A heartbroken couple buried three babies. They also went through six miscarriages.

maddiemookins16mum · 06/03/2019 05:10

Yep, I’m in the yuck camp too based on a former colleague with two seriously disabled kids who married his cousin. They were even warned of the very high risk of problems with a second child if they had another, ignored it.

Dimsumlosesum · 06/03/2019 05:21

It's gross to me, but then ALL of us cousins in my family are like siblings, so, it would feel like incest. Vom.

Dimsumlosesum · 06/03/2019 05:21

Don't know why it capitalised all..

steff13 · 06/03/2019 05:43

It's illegal in my state (Ohio). Interesting. Part of Ohio is considered Appalachia, I wonder if that has something to do with it.

it’s illegal in some US states, but so is abortion.

No. Abortion is legal in all 50 states.

breeze44 · 06/03/2019 06:27

Perhaps in those situations the “nature” has been pushed back and suppressed by the strong influence of culture/nurture?

But in the countries I'm familiar with there is no strong influence with regards to marrying a cousin. It's something that people can do if they want but it's not particularly emphasised or insisted on. Most people marry non-cousins (afaik).
Having read this thread, I think what is going on here is that the aversion people feel towards sibling marriage becomes transferred in some cases to cousins. At some point people put their cousins into the same mental category as their siblings with regards to physical attraction, either because they become aware of a cultural taboo in their community, or because they have spent a lot of time together as children.

there are places where killing is less frowned on and forms part of a justice system, whether official or not.

It's not that killing is less frowned on in general, it's that a strong distinction is drawn between unlawful killing (murder) and lawful killing (such as execution ordered by a judge, killing in war).
Neither is it the case that UK society emphasises all killing being wrong, otherwise we wouldn't see army recruitment stalls in most town centres.

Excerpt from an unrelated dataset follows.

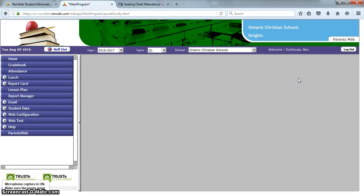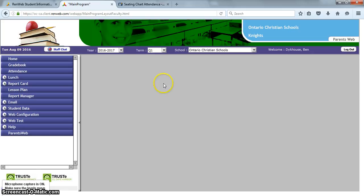Here's a quick way to print out a seating chart that you can use as you take attendance if you'd rather have a hard copy than just a digital copy, which you can access right here on RenWeb. So, here is how you can access that.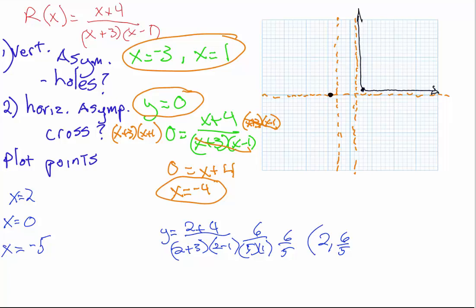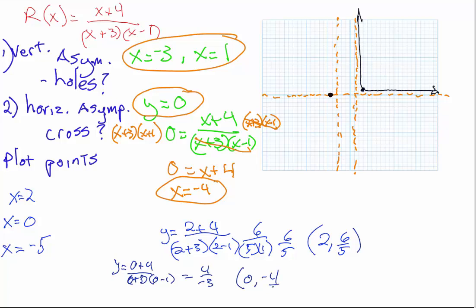Testing in between the two asymptotes with x equals 0: y equals 0 plus 4 divided by 0 plus 3 times 0 minus 1, which equals 4 divided by negative 3, so the y coordinate equals negative 4 thirds. The point 0, negative 4 thirds is below the horizontal asymptote, meaning the graph dips below and approaches both vertical asymptotes as it becomes increasingly negative, and it cannot cross the horizontal asymptote again in this region.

breeze44 · 06/03/2019 06:32

Forgot to add that in some cases this happens even with people who are totally unrelated, for example close family friends who have spent a lot of time together as children.
In films, TV and songs you often hear people letting someone down gently by saying, for example 'But you're like a brother to me' i.e. there's a closeness that precludes physical attraction.

breeze44 · 06/03/2019 07:18

By the way, the sons of Adam did marry his daughters, out of necessity. So obviously they did not feel aversion to that at the time. So perhaps the aversion felt nowadays towards sibling marriage is because that has not been permitted for a long time.

SleepingStandingUp · 06/03/2019 07:24

The school mum laughed and said “the children seem normal... so far!”

What a charmer. Its rather be friends with the married cousins than someone who categories children as abnormal because of potential genetic wonkiness.